I used the wrong phrasing. The ability to identify and modernize (internally or externally) any old version of the native file formats to the current version.
Although uncommon, the ability to downgrade (WITH DATA LOSS FOR INCOMPATIBLE FEATURES) to superseded file formats exists in many larger projects… including GIMP, MS Office suite, AutoCAD, etc.
I doubt that many with as small number of developers as this project are doing so. So it would not be reasonable to have such a complex function inside the core of Gramps.
But let’s take the worst case that our next application could not be made to work with old file formats. (For instance, if Gramps is forced to update to a version of Python that is incompatible with any BSDDB engine.)
Would it be possible to keep a plumber’s nightmare collection of headless CLI import/export modules (with the appropriately lower Python libraries) where you could pipe in the initial format, the modules update to their highest format, and then pipes it off to the next, more modern module.
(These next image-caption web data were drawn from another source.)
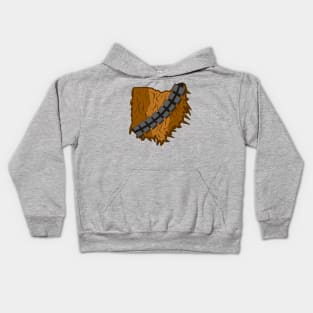 Chewy Ohio Kids Hoodie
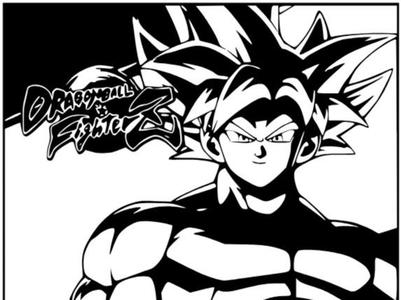 Goku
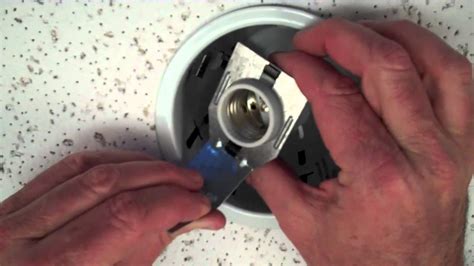 how to remove recessed light junction box|junction box compatible recessed light.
And that module does the same… until the version reaches the target format.
Such a plumber’s nightmare would be a separate project collection. It would be slow, ugly & inefficient. But it would keep potable data from becoming sewage. And do so with a minimum of user interaction.
What Gramps would have to do is: politely refuse when fed an old format, identify the format version accurately and suggest that the user download & use the right tool for that data version.
(The unrealistically ideal solution would be that Gramps would check if the tool was installed, if so, trigger a batch file which points at the problem source file and requesting the target version to be delivered & specifying where it would be delivered.
And once data flowed one direction in the pipeline, it could be made to flow the opposite direction for downgrades… with inevitable data loss expected.)